Problem to solve: An exact copy of every entry is needed, without any of the pictures.

Data under study:
* * * * * * *
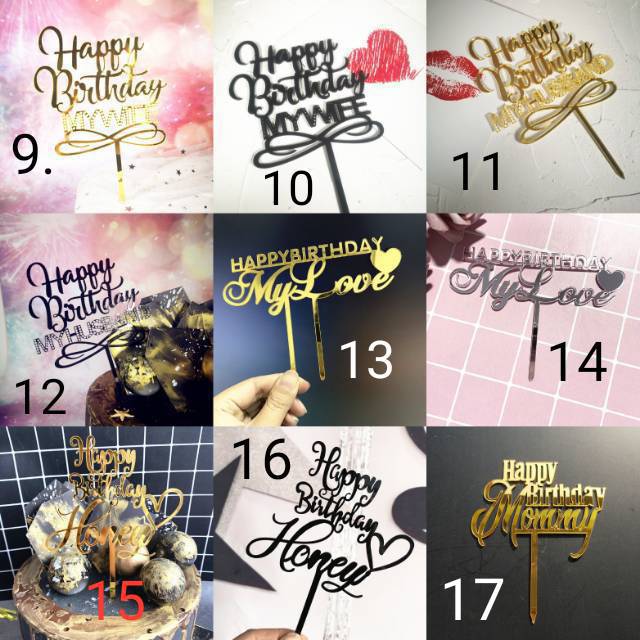 Cake Topper Acrylic / Topper Kue Akrilik Happy Valentine Day / Happy Birthday / HBD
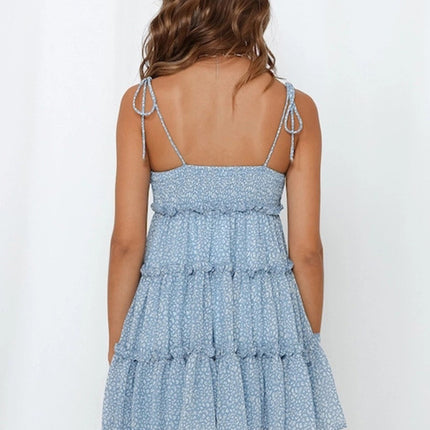 Onbely robe courte imprimé à fleurie à fines brides col carré doux tous les jours vacances boho dress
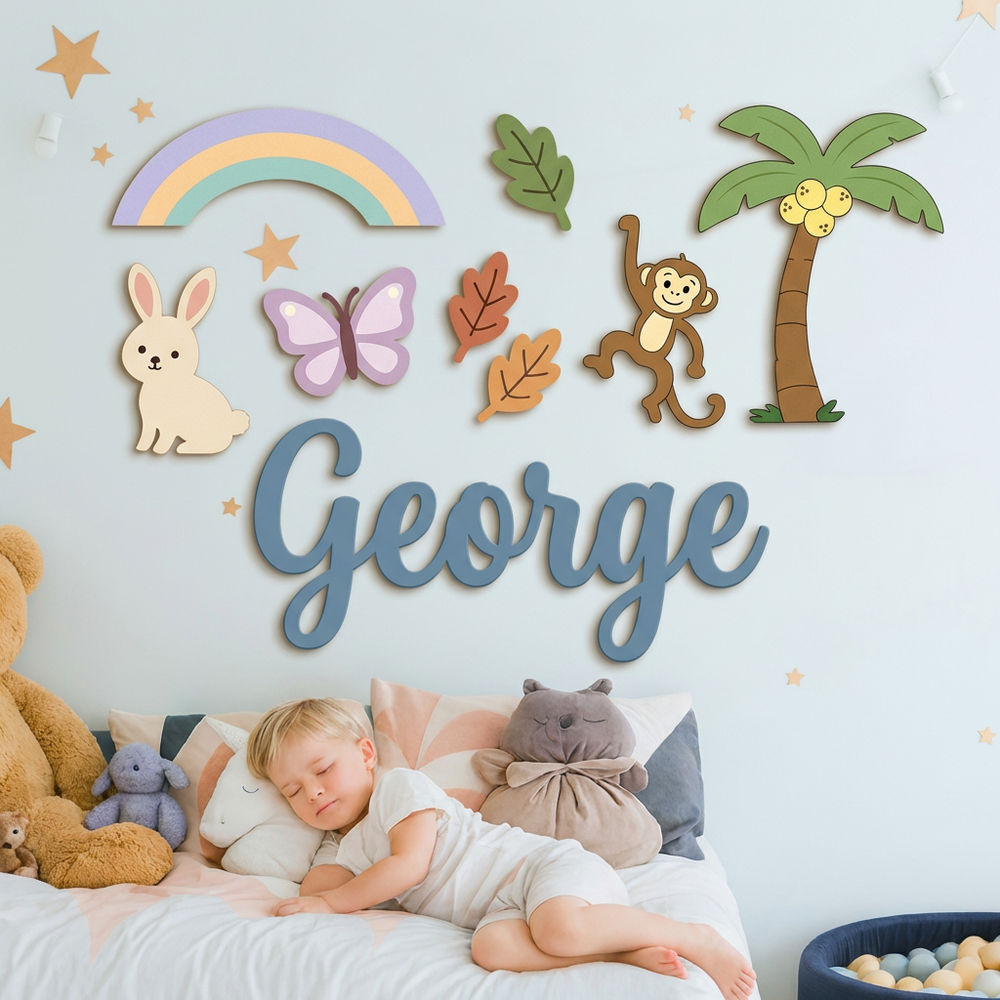 Personalised Wooden Nursery Name Sign – Custom Kids Room Wall Decor
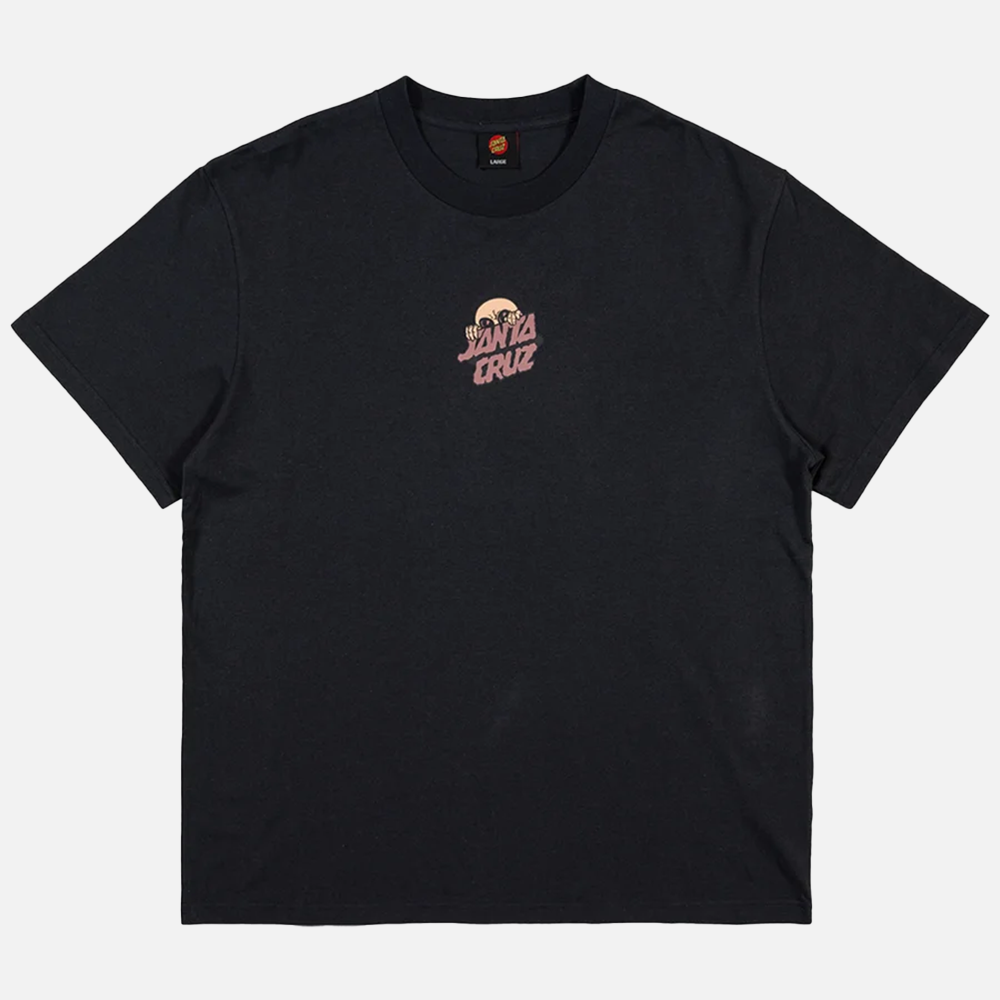 Black t-shirt with a small santa cruz logo on the chest against a white background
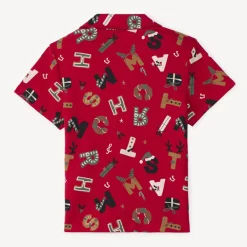 Set pyjama kort in interlock met kerstprint jongens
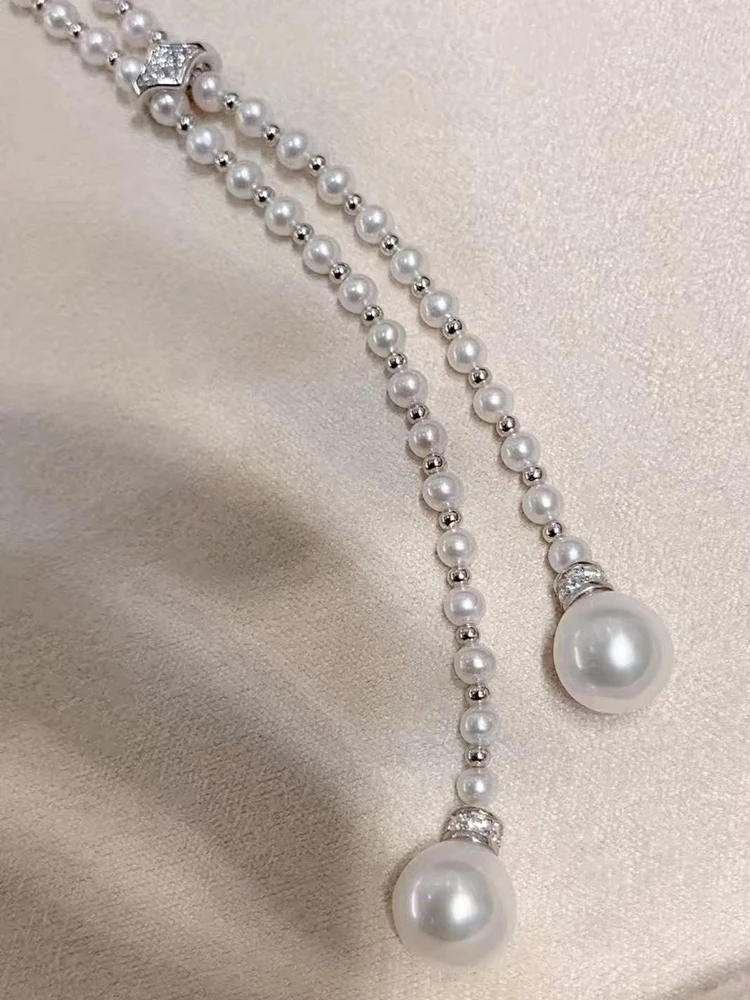 Designer Sweater Chain 60cm Long with 4-5mm Aurora Freshwater Akoya 10-11mm Large White Pearls and 925 Silver Adjustable Clasp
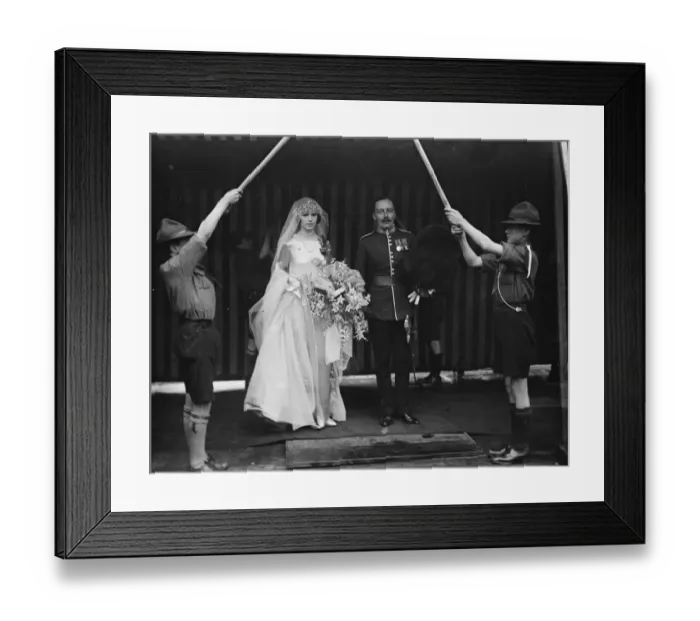 Framed Print : Wedding of Lord Suffield and Miss Olwen Phillips at St Peters Church, Carmarthen Framed Print : Wedding of Lord Suffield and Miss Olwen Phillips at St Peters Church, Carmarthen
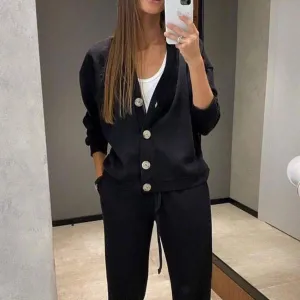 Full Size Button Up Long Sleeve Top and Pants Set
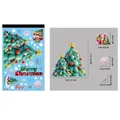 Christmas window sticker set with size chart showing Santa, tree and snowflakes - Single Sheet BQ485 Christmas Tree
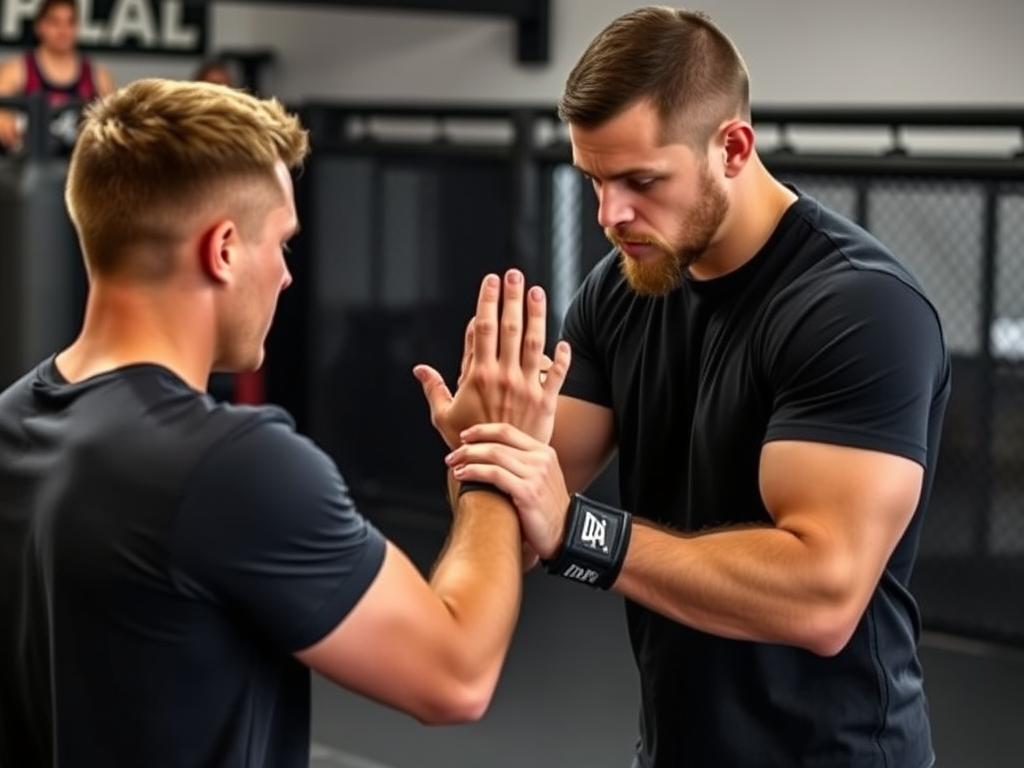 MMA Trainer korrigiert häufige Anfängerfehler bei der Technik MMA Trainer korrigiert häufige Anfängerfehler bei der Technik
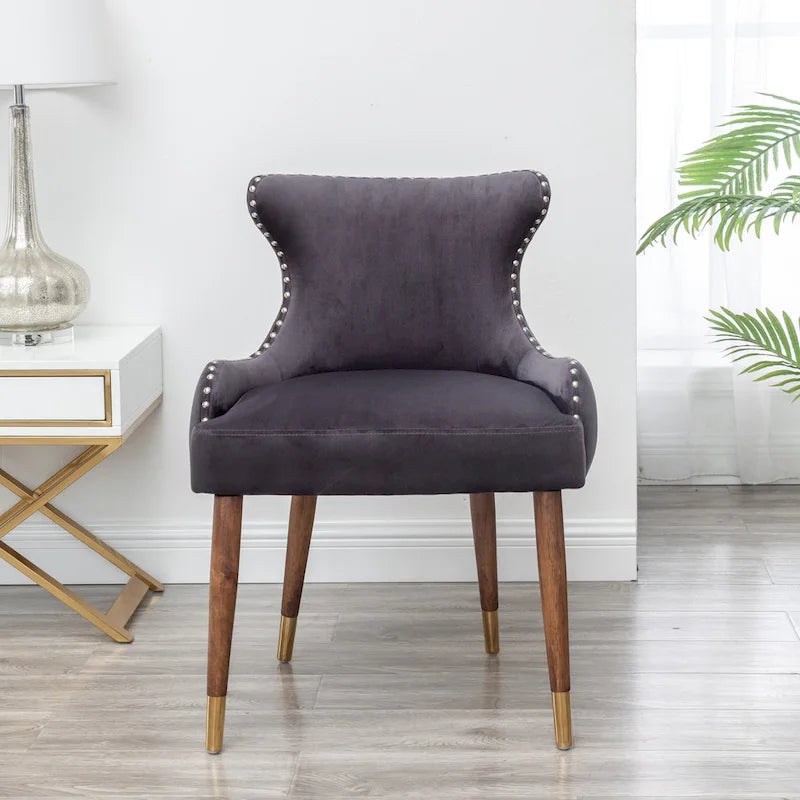 Roundhill Furniture Lindale Mid-Century-moderner Samt-Akzentsessel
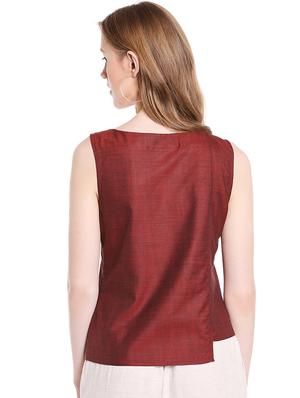 round neck asymmetric top - 16513061 - Standard Image - 3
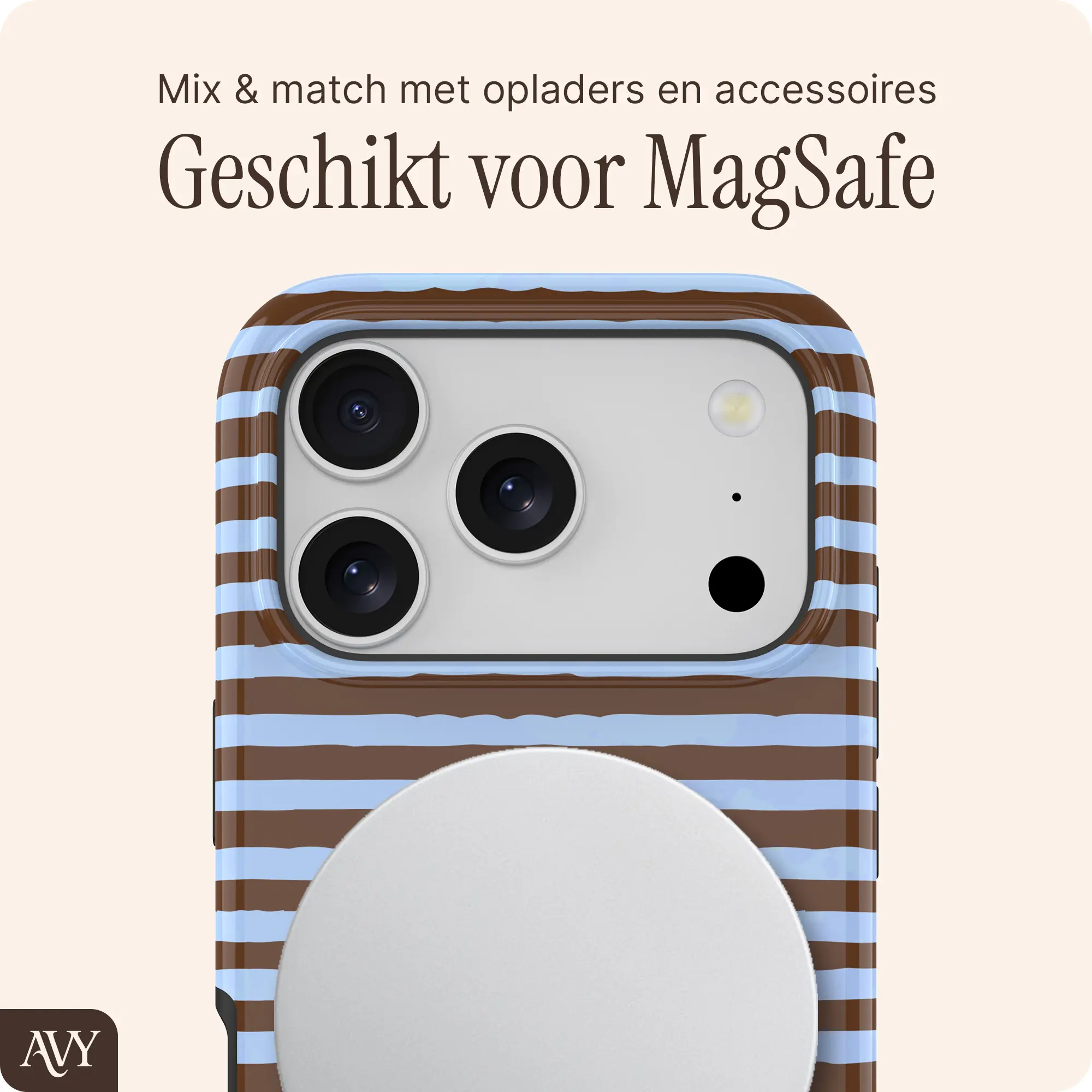 AVY Apple iPhone 17 Pro Max Hoesje MagSafe Back Cover Ocean Latte afbeelding 6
* * * * * * *
Task solution:
 Cake Topper Acrylic / Topper Kue Akrilik Happy Valentine Day / Happy Birthday / HBD
 Onbely robe courte imprimé à fleurie à fines brides col carré doux tous les jours vacances boho dress
 Personalised Wooden Nursery Name Sign – Custom Kids Room Wall Decor
 Black t-shirt with a small santa cruz logo on the chest against a white background
 Set pyjama kort in interlock met kerstprint jongens
 Designer Sweater Chain 60cm Long with 4-5mm Aurora Freshwater Akoya 10-11mm Large White Pearls and 925 Silver Adjustable Clasp
 Framed Print : Wedding of Lord Suffield and Miss Olwen Phillips at St Peters Church, Carmarthen Framed Print : Wedding of Lord Suffield and Miss Olwen Phillips at St Peters Church, Carmarthen
 Full Size Button Up Long Sleeve Top and Pants Set
 Christmas window sticker set with size chart showing Santa, tree and snowflakes - Single Sheet BQ485 Christmas Tree
 MMA Trainer korrigiert häufige Anfängerfehler bei der Technik MMA Trainer korrigiert häufige Anfängerfehler bei der Technik
 Roundhill Furniture Lindale Mid-Century-moderner Samt-Akzentsessel
 round neck asymmetric top - 16513061 - Standard Image - 3
 AVY Apple iPhone 17 Pro Max Hoesje MagSafe Back Cover Ocean Latte afbeelding 6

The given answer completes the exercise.